Послышался тихий смешок.

– А что, тебе так противно на меня смотреть?

– Да! – раздраженно выкрикнула Саэта и тут же пожалела, что ведет себя откровенно хамски. Как ни странно, Кантор не обиделся. И смеяться не стал. Промолчал. Но в его молчании чувствовалась озадаченность. Они помолчали немного, потом Саэта осторожно спросила:

– Кантор! А ты долго сидел?

– Нет, – спокойно ответил он. – Луны четыре или пять, наверное. А что?

– И за четыре луны ты опустился до того, чтобы есть тараканов?

– Почему опустился? А, ты думаешь, я их ел, совсем обезумев от голода? Вовсе нет. Я это делал совершено сознательно, понимая, что на лагерных харчах я через луну-другую уже ни на что не буду способен. Ни сбежать сил не останется, ни отбиваться от кавалеров. А вопрос был насущный, в те времена я был симпатичнее, чем сейчас, и многим нравился, а козлов везде хватает… Драться приходилось насмерть, в буквальном смысле, несколько раз по утрам из туалета выносили трупы особо настойчивых. Да и мысль о побеге меня не оставляла, я много об этом думал и очень надеялся, что мне выпадет шанс. И вот чтобы к тому моменту, когда он выпадет, не превратиться в обессилевшего доходягу, стал подкрепляться, чем только мог. В том числе, насекомыми. Они, между прочим, очень питательны.

– Они же противные, как их можно есть… сознательно?

– Закрыв глаза и стиснув зубы. На свете много противных вещей. И со многими приходится мириться во избежание еще более противных. Слушай, не надо про лагерь, ладно? Давай про что-нибудь другое.

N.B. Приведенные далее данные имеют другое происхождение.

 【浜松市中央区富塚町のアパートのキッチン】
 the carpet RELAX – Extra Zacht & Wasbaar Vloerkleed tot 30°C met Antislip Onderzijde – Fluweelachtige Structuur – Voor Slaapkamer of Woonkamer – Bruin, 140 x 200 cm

– Извини. Ну, расскажи что-нибудь. У тебя такой голос… его приятно слушать. Кстати, мне кажется, я его где-то слышала. Мы с тобой не встречались раньше? Ты говорил, что ты меня знал. Где мы с тобой виделись?

– В консерватории, – проворчал Кантор. – Ты что, маленькая – такие вопросы задавать?

– Извини. Я не знала, что ты настолько засекречен. А почему? Ты ведь такой же рядовой, как и я?

– Не совсем. Меня знают. Я уже светился. Моя голова оценена, если ты не слышала. И если бы кто-то узнал, как меня зовут на самом деле, кто я такой и кто у меня есть из родных… Понимаешь?

– Понимаю. Но ты же не сразу засветился, как только к нам пришел. И голову твою оценили всего год назад. А засекретили с самого начала. Почему?

– Странная ты. Как это я не стазу засветился? Я же сидел. На меня же там все документы остались. Мое прежнее имя было уже засвечено так, что дальше некуда. Вот и пришлось сделать вид, что я умер, и жить, как другой человек. И мне совсем не хотелось бы воскресать. Теперь тебе понятно?